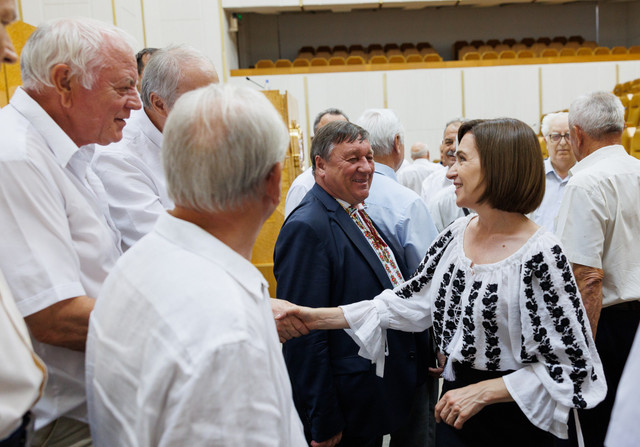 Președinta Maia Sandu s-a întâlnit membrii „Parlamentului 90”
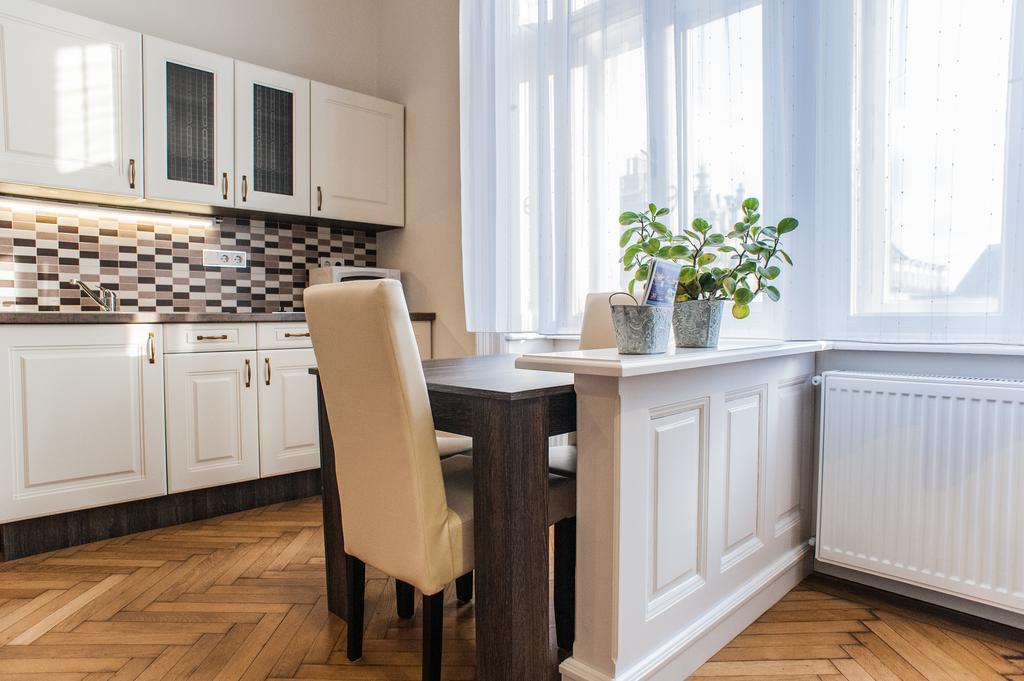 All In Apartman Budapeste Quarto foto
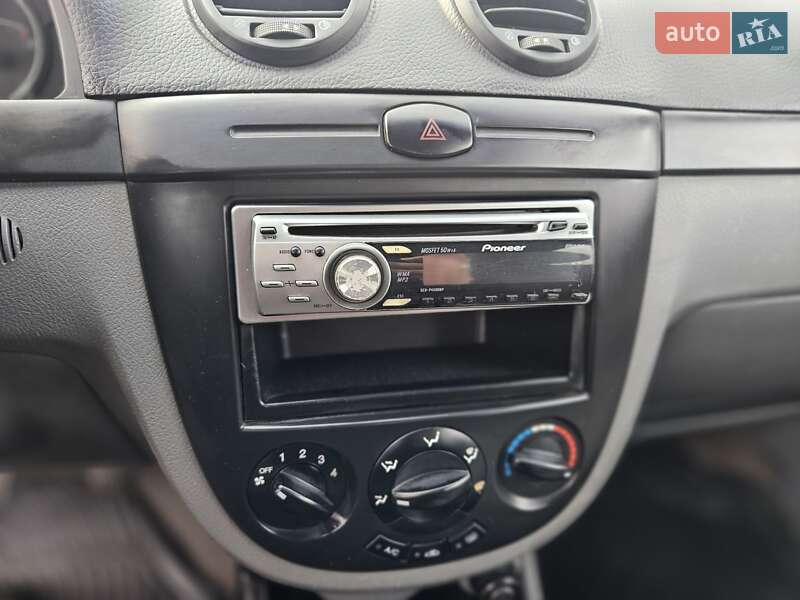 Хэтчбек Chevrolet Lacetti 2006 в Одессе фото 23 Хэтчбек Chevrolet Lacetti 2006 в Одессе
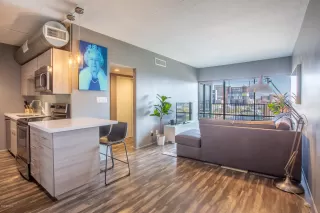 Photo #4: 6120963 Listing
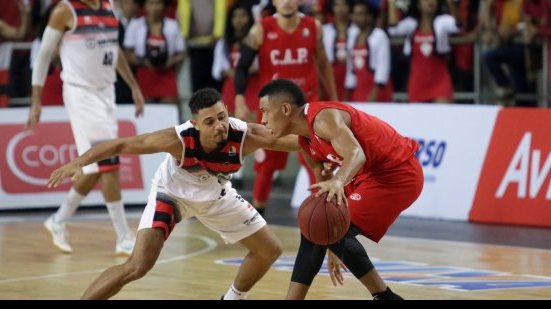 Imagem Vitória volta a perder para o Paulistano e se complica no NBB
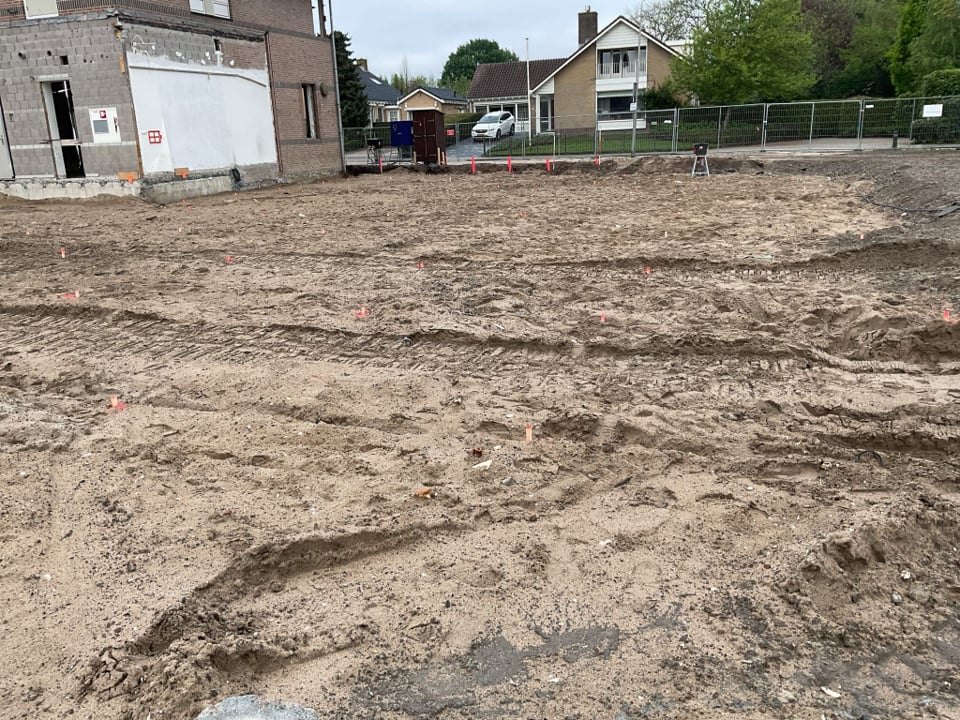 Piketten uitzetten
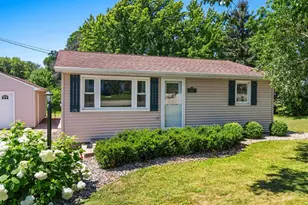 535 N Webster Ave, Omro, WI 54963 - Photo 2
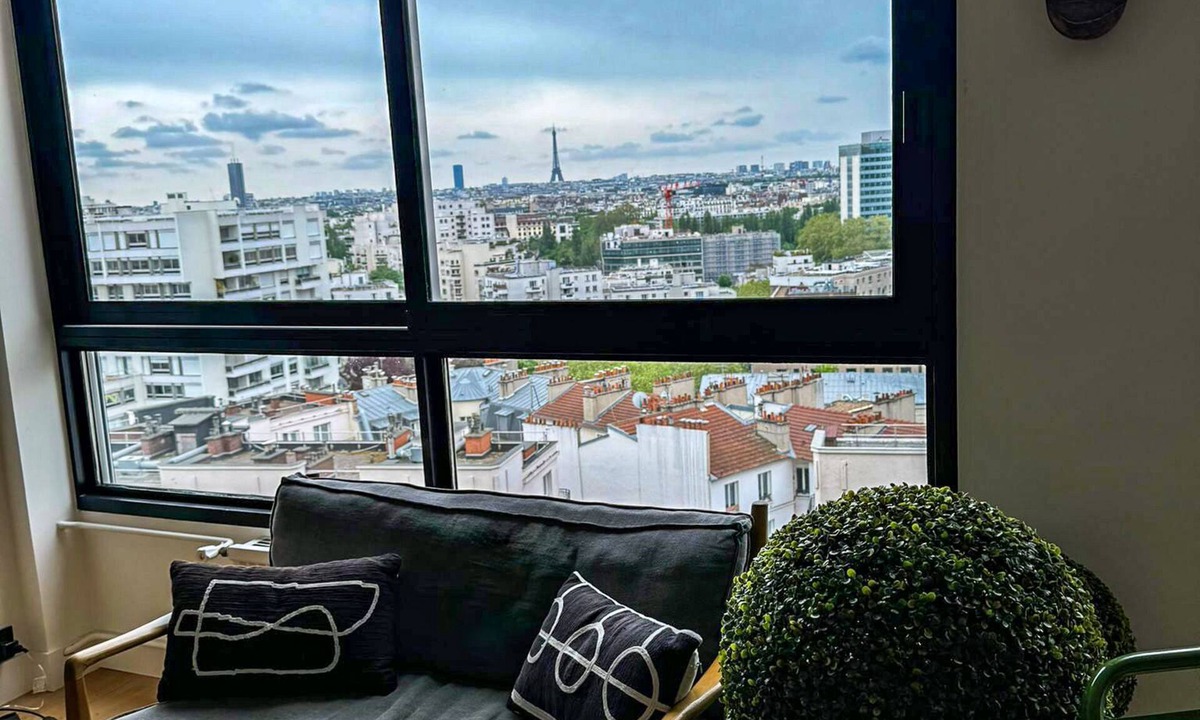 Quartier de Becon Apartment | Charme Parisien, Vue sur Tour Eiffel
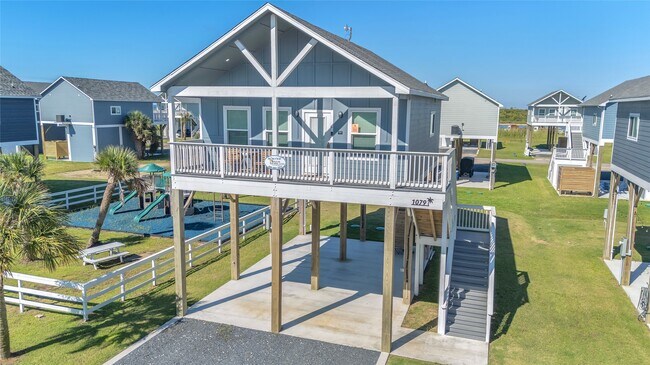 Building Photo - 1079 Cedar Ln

============================================================

_What is needed:_
Set down the entries above again exactly, minus any image.

_Task output:_
 Președinta Maia Sandu s-a întâlnit membrii „Parlamentului 90”
 All In Apartman Budapeste Quarto foto
 Хэтчбек Chevrolet Lacetti 2006 в Одессе фото 23 Хэтчбек Chevrolet Lacetti 2006 в Одессе
 Photo #4: 6120963 Listing
 Imagem Vitória volta a perder para o Paulistano e se complica no NBB
 Piketten uitzetten
 535 N Webster Ave, Omro, WI 54963 - Photo 2
 Quartier de Becon Apartment | Charme Parisien, Vue sur Tour Eiffel
 Building Photo - 1079 Cedar Ln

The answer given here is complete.